Task to carry out —
Find the line with "Banana Republic Banana" in the entries below, then output every line from it down to the line with "Emerald Dynasty Diamond Necklace", exactly and with no pictures.
** Records follows **
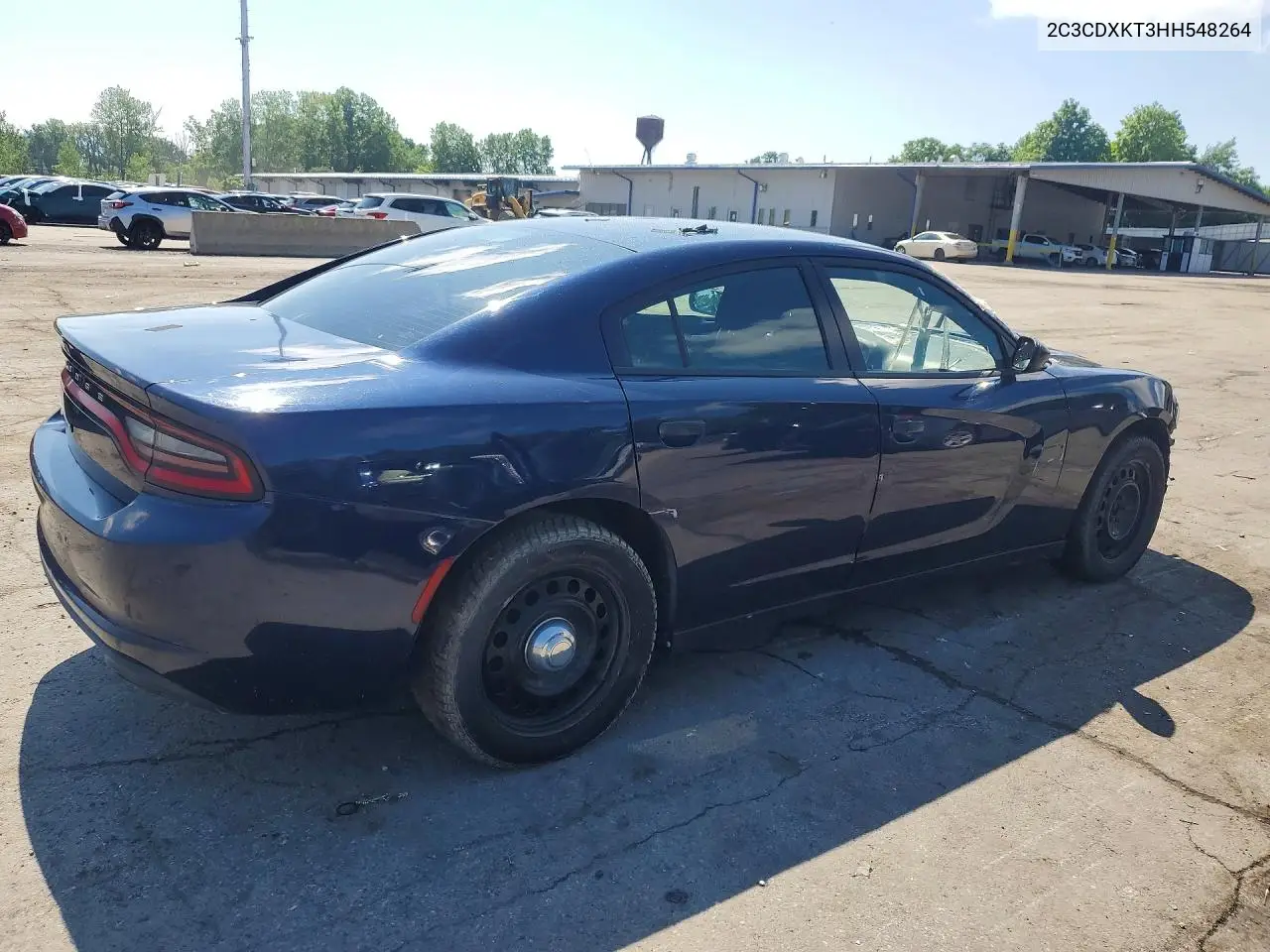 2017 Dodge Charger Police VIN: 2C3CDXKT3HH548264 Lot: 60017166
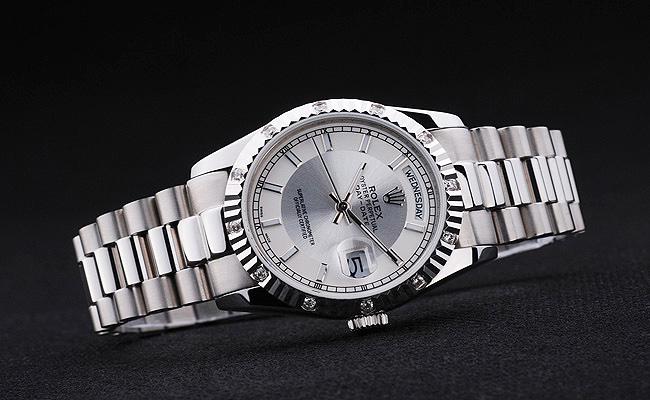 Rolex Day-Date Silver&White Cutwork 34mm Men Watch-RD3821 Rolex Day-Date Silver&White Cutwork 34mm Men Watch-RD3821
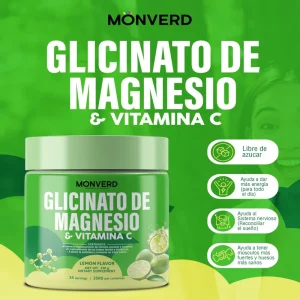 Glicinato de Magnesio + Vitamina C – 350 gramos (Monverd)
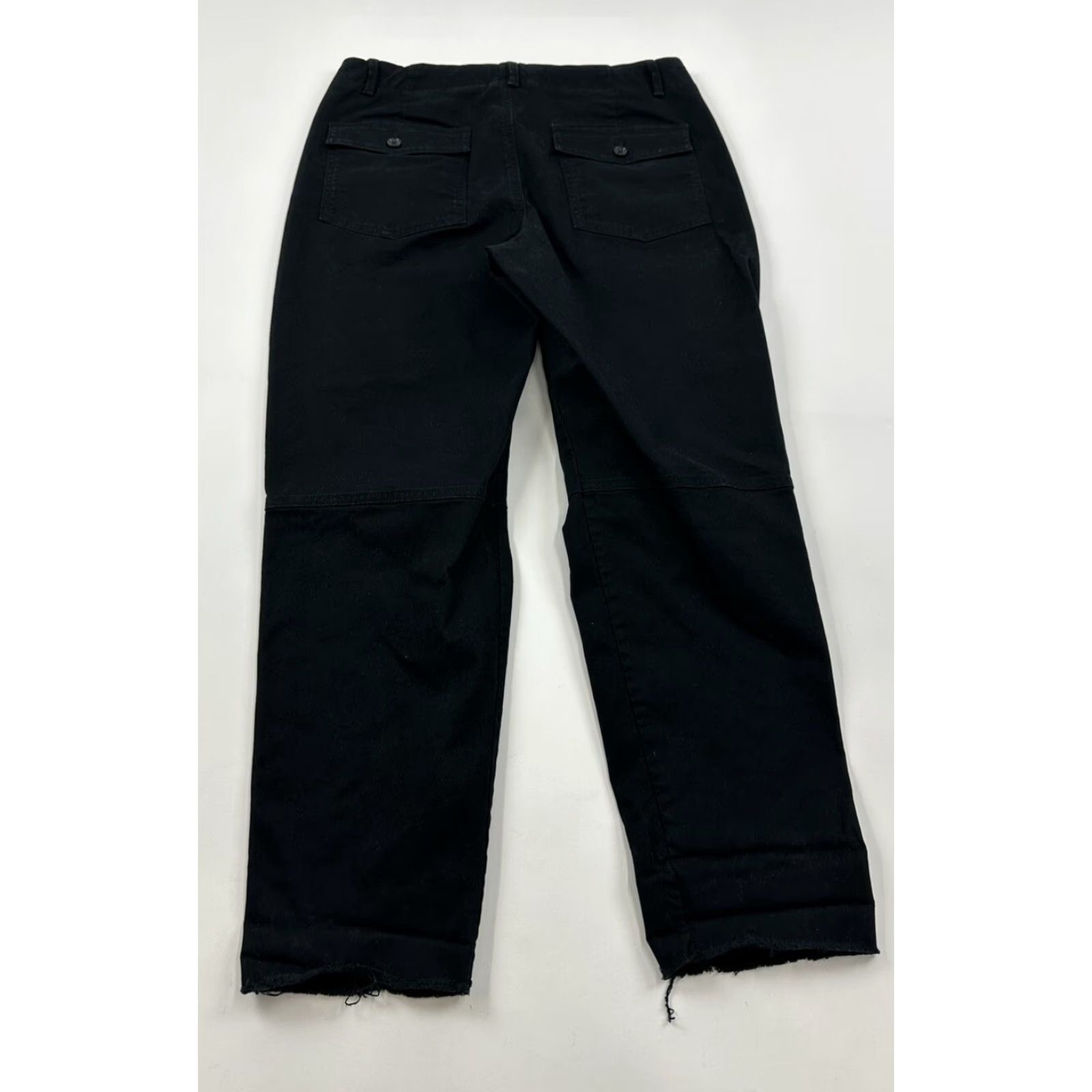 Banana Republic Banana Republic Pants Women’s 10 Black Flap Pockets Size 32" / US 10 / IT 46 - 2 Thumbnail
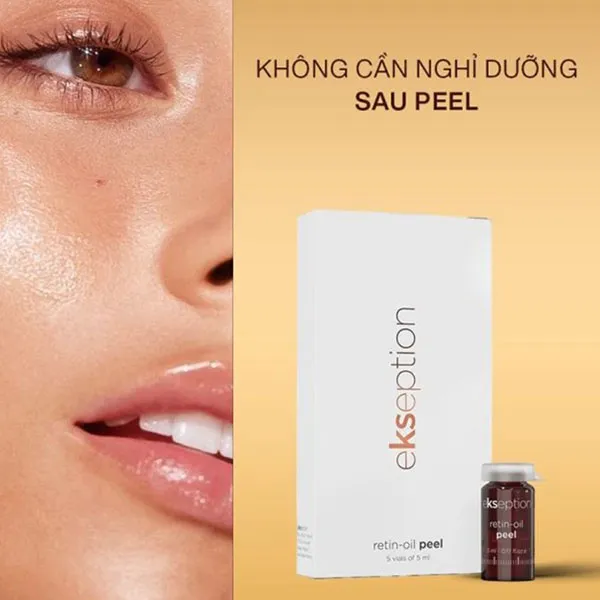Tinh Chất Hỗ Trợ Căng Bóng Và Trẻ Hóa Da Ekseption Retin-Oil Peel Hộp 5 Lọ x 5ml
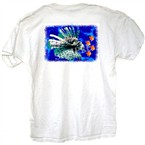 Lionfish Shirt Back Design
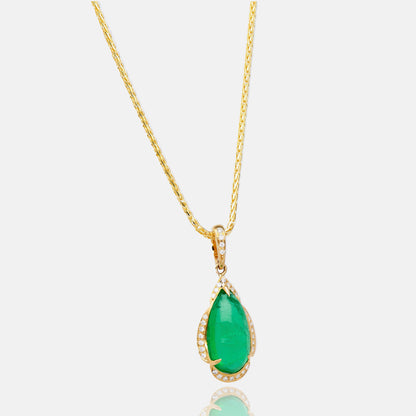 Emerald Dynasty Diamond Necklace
** End of Records **
** Records follows **
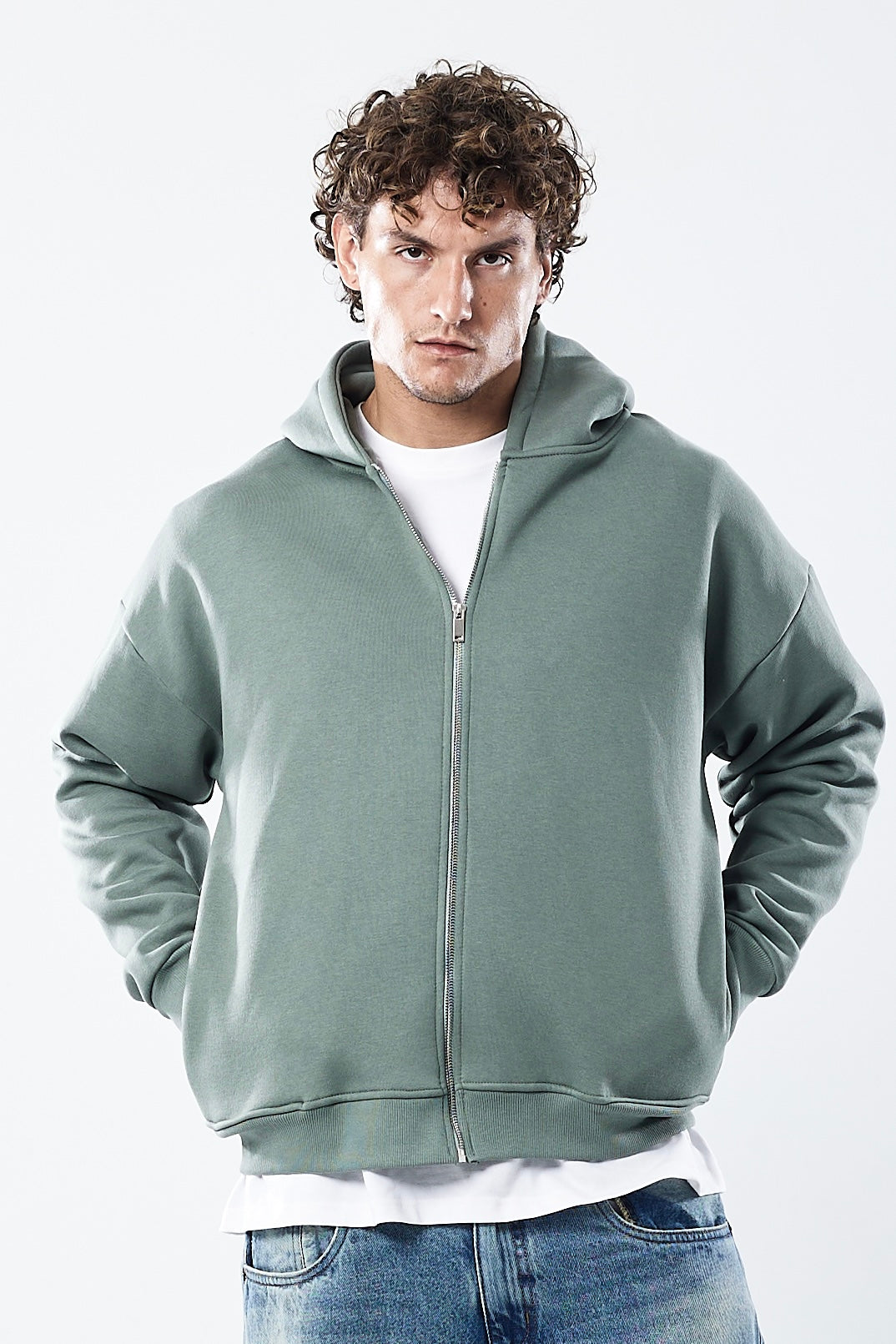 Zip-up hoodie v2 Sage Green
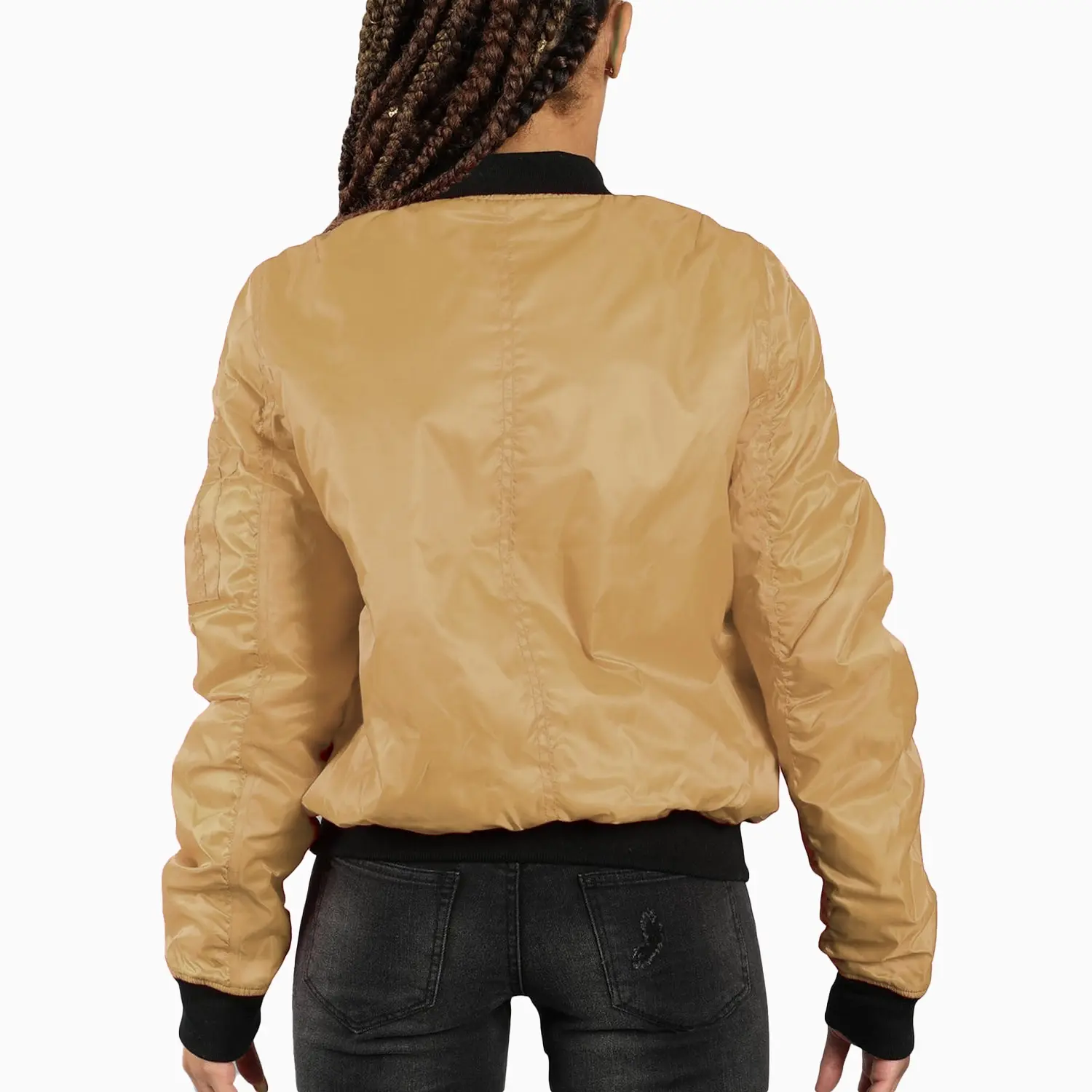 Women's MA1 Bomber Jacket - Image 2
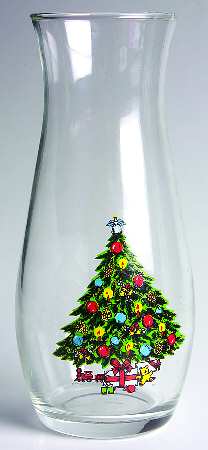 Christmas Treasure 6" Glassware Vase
** End of Records **
Result of this exercise —
 Banana Republic Banana Republic Pants Women’s 10 Black Flap Pockets Size 32" / US 10 / IT 46 - 2 Thumbnail
Tinh Chất Hỗ Trợ Căng Bóng Và Trẻ Hóa Da Ekseption Retin-Oil Peel Hộp 5 Lọ x 5ml
 Lionfish Shirt Back Design
 Emerald Dynasty Diamond Necklace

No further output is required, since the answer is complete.